A ‘criança interior’ é o arquétipo da abertura ao novo, da disponibilidade a conhecer e a experimentar. A criança renova-se constantemente, está leve e desperta. Sua simplicidade de espírito lhe permite não ter preconceitos, logo seu potencial é multiplicado por causa da ampliação das oportunidades. O arquétipo da ‘criança interior’ é uma dimensão da psique que está na raiz das mudanças e atrevimentos que uma pessoa faz ao longo da vida, de sua capacidade em recomeçar, arriscar e acreditar.
Inevitavelmente, ao crescer, a pessoa adquire conhecimento, penas e alegrias. A ingenuidade inicial vai se transformar em maturidade. Cada experiência deveria ser um laboratório alquímico de transformação. Uma pessoa deveria sair de uma vivência fortalecida e ciente do que aprendeu, e aberta diante de outras novas experiências.
Existe, entretanto, uma tendência a manter a ingenuidade, a esticá-la para além do devido.
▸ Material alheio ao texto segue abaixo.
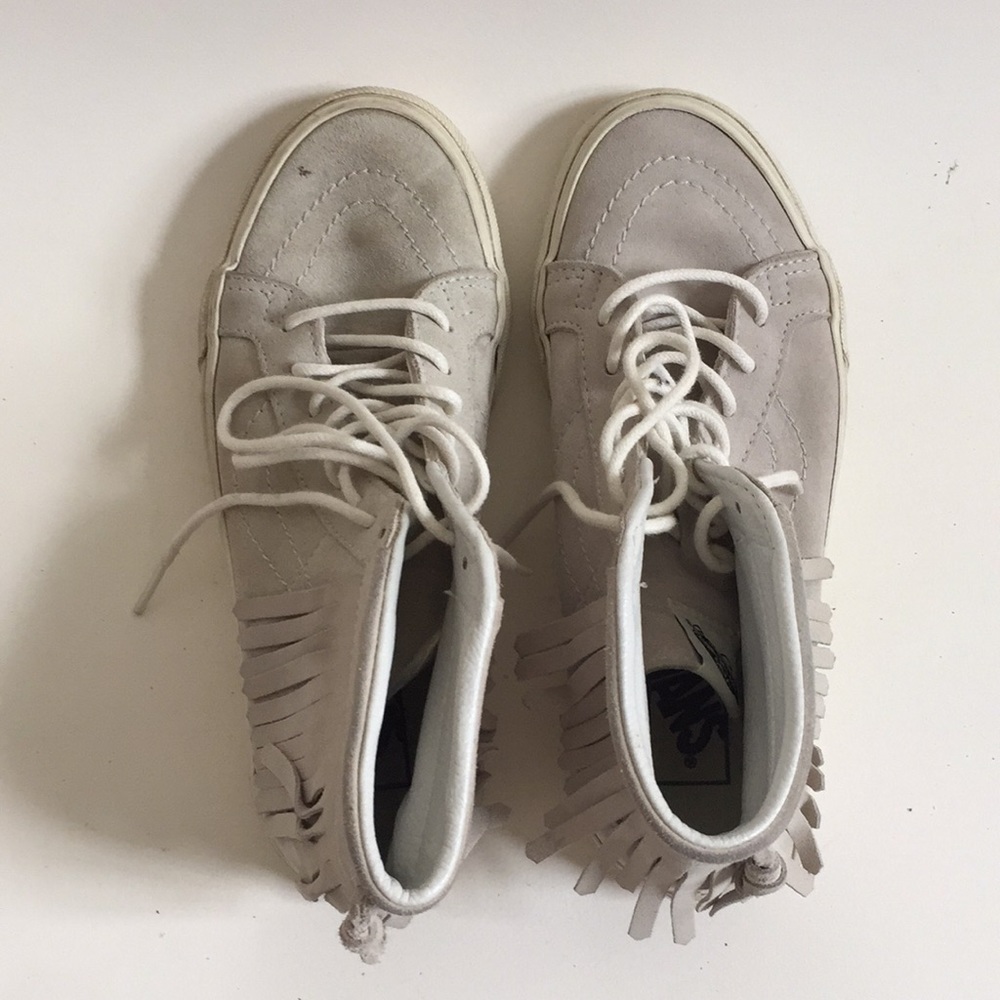 Vans High-Top Fringe Sneaker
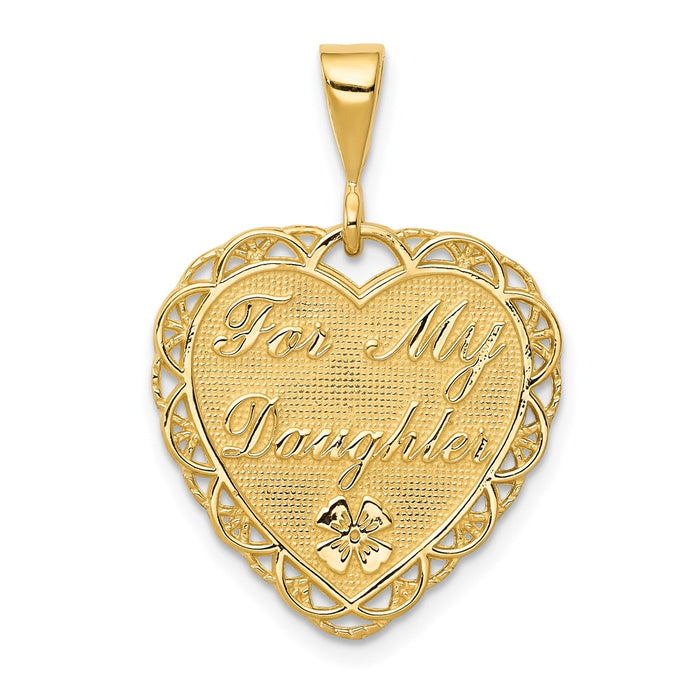 Million Charms 14K Yellow Gold Themed For My Daughter Charm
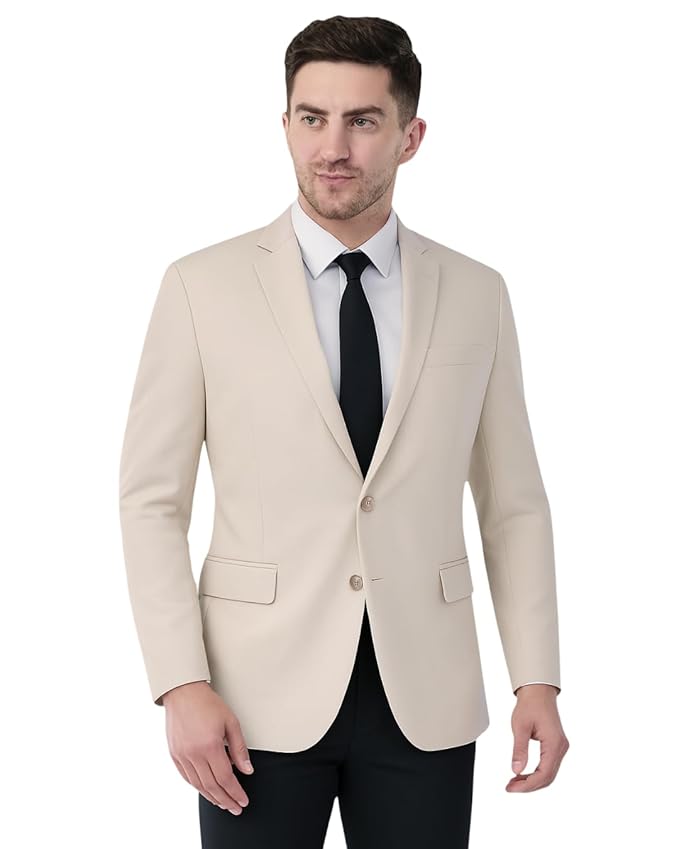 Men's Premium Slim Fit Formal Blazer | Fully Lined Business, Office & Wedding Suit Jacket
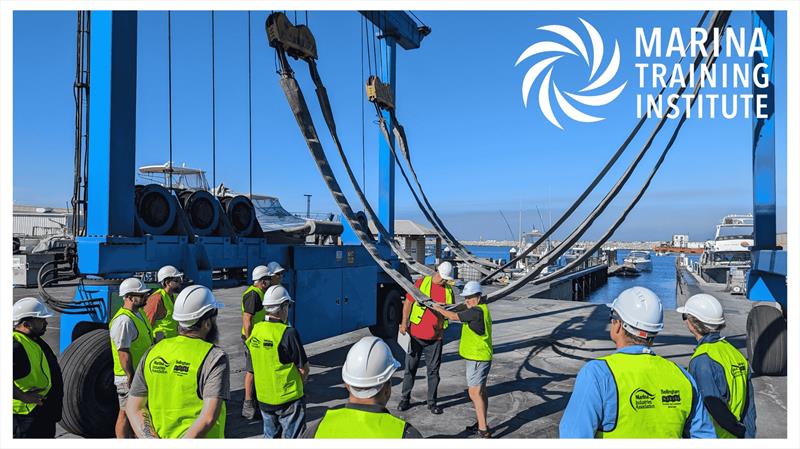 Straddle Carrier Course 2026 Enrolments Open photo copyright Marina Industries Association taken at  and featuring the Marine Industry class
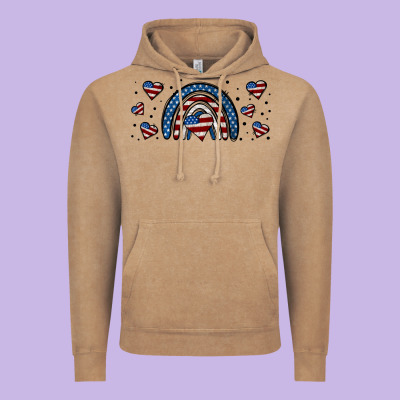American Flag Rainbow 16oz Libbey Cup Vintage Hoodie Designed By Hra Design Shop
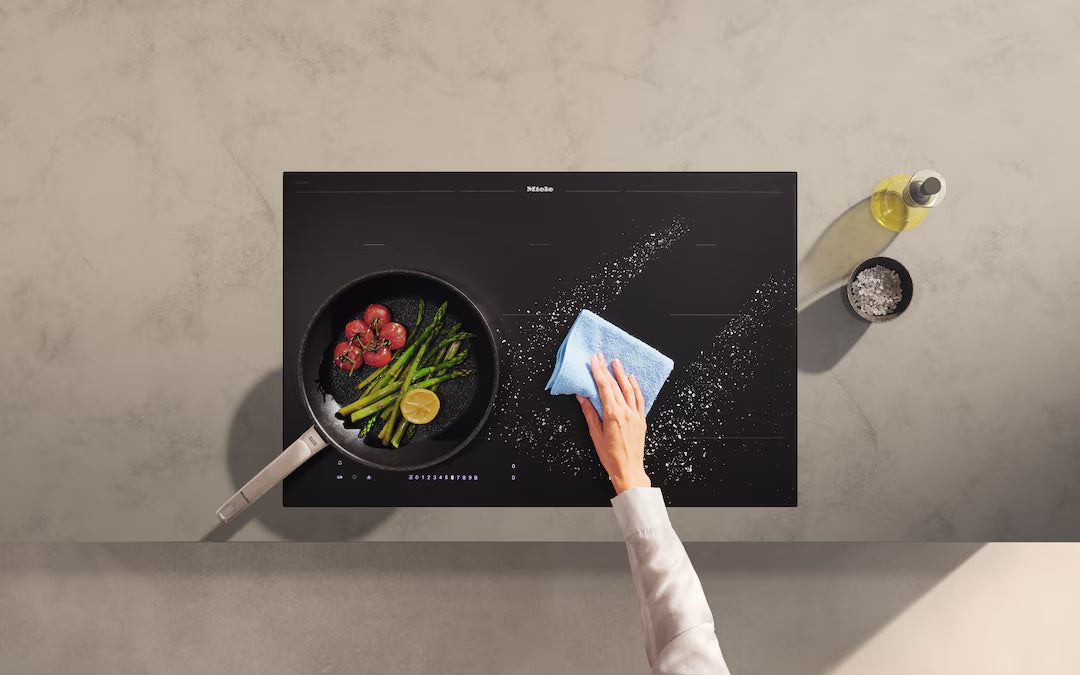 Plita incorporabila pe inductie Miele Gold cu 6 zone KM 7576 FL MattFinish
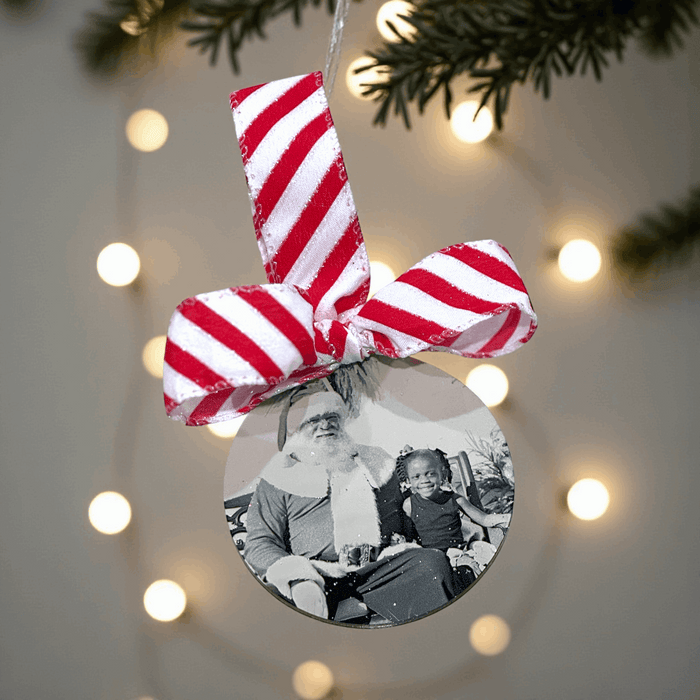 Christmas Photo Ornament - Premium Christmas Ornament from Pat's Monograms - Just $15! Shop now at Pat's Monograms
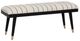 Powell® Cierra Black/Cream Upholstered Bench-0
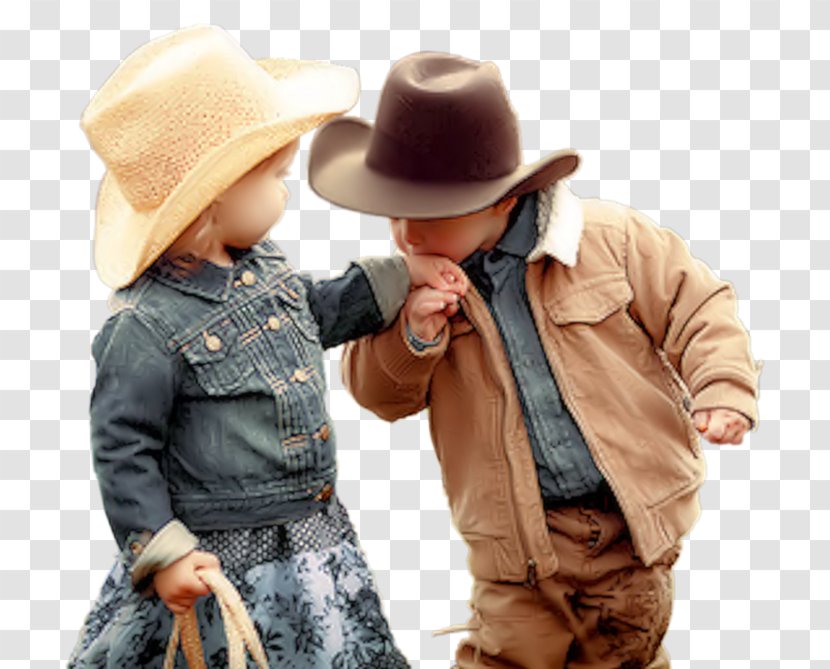 Cowboy In The Making Child Sister Sibling - Flower Transparent PNG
Por quê? Por dois motivos, para preservar a doce ilusão de um mundo onde a maldade e as desavenças são, afinal das contas, em número e intensidade inferior ao “Bem”, que sempre prevalece, e para evitar de tomar uma atitude, que, acredito, é o que mais assusta. Quem teme a luta e o confronto, prefere a ingenuidade. Quem não se sente capaz de aguentar a vida, também.
A ingenuidade tolhe muita gente inteligente impedindo de ser responsável, palavra que significa saber dar respostas condizentes às situações que se apresentam. Acaba-se por ter um juízo distorcido, insistindo na bondade de tal pessoa ou na possibilidade de “que as coisas melhorem”, quando, ao olhar objetivo e realista o passado e o presente, há indicações suficientes do que está acontecendo e do que é provável que aconteça. Queremos manter acesa a chama da esperança? Tudo bem. Mas por que permitir sermos machucados novamente?
Perder a ingenuidade não corresponde a se tornar pessimista, mas em ganhar a coragem de incluir o negativo na visão que se tem. Incluir o negativo significa atinar para a ambiguidades, a maldade, a mentira, a inconsciência conveniente, a ignorância, a vaidade, a superficialidade, a falsidade. Não são esses aspectos da natureza humana tanto quanto a bondade, generosidade e ética? Não poderiam objetivamente falando estar presentes em todos, incluindo as pessoas com as quais nos relacionamos e até nós mesmos?
Continuar a ser ingênuos após ter visto a realidade, é propositalmente fechar os olhos, fingindo positividade. Desta forma, o progredir da vida é impedido e a verdadeira ação da ‘criança interior’ que quer explorar novos horizontes, falha.